EXERCISE AIM: Reproduce the data in full, exactly as given, leaving images out.

DATA EXTRACT:
※ ※ ※

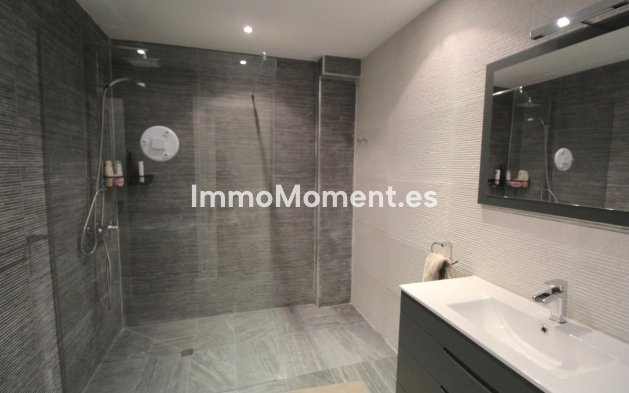 Wiederverkauf - Wohnung - Marbella - Puerto Banús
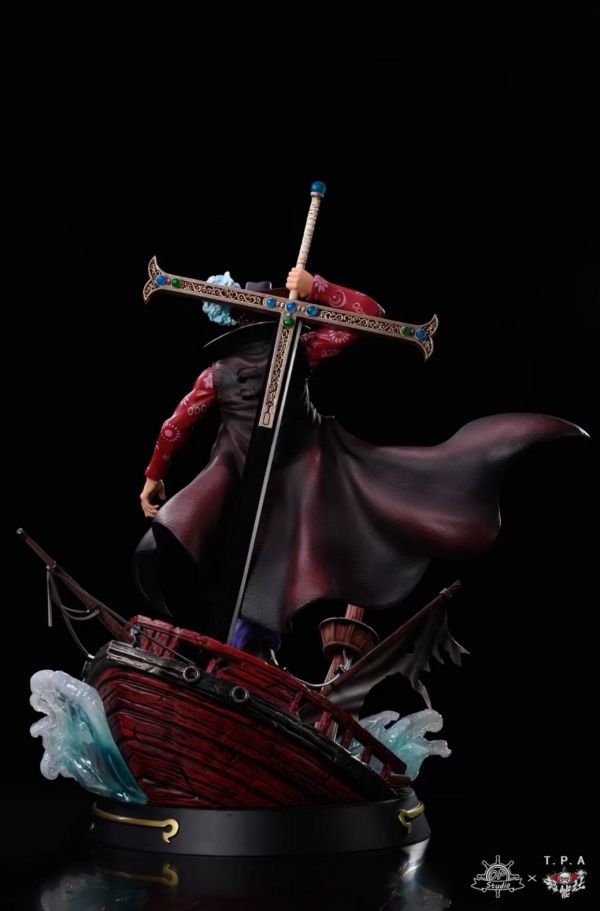 Swordsman Hawkeye Mihawk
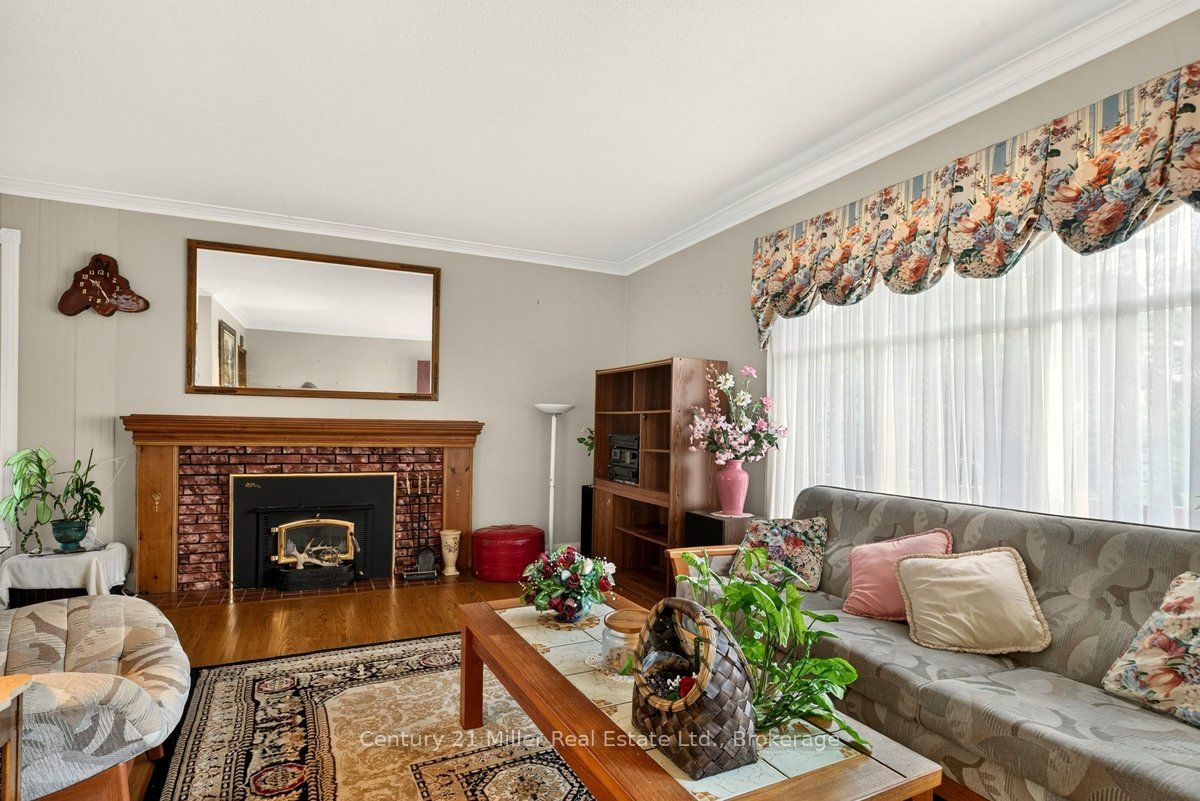 2013 Deramore Drive Property Photo 5
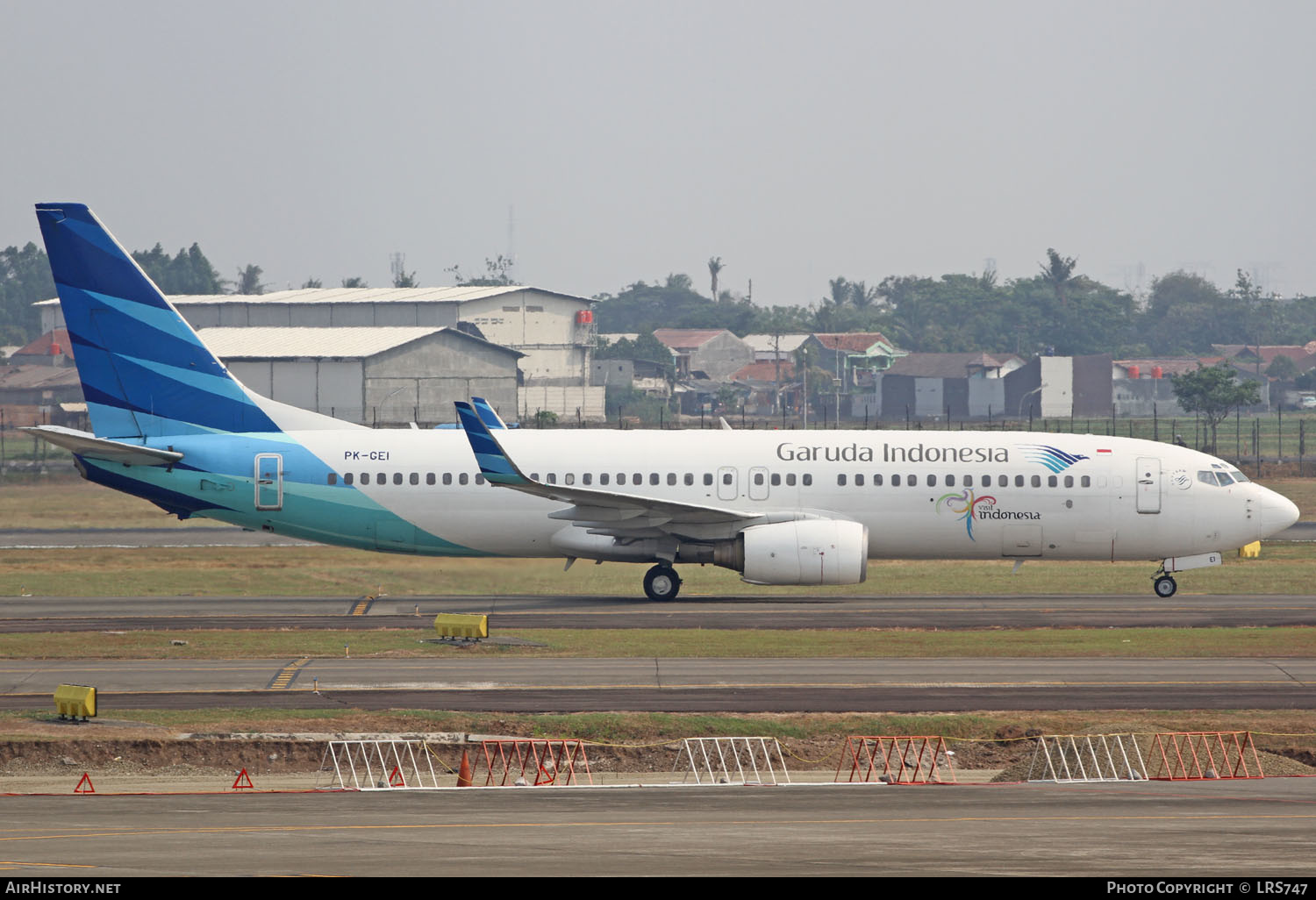 Aircraft Photo of PK-GEI | Boeing 737-86N | Garuda Indonesia | AirHistory.net #334302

※ ※ ※

REPLY:
 Wiederverkauf - Wohnung - Marbella - Puerto Banús
 Swordsman Hawkeye Mihawk
 2013 Deramore Drive Property Photo 5
 Aircraft Photo of PK-GEI | Boeing 737-86N | Garuda Indonesia | AirHistory.net #334302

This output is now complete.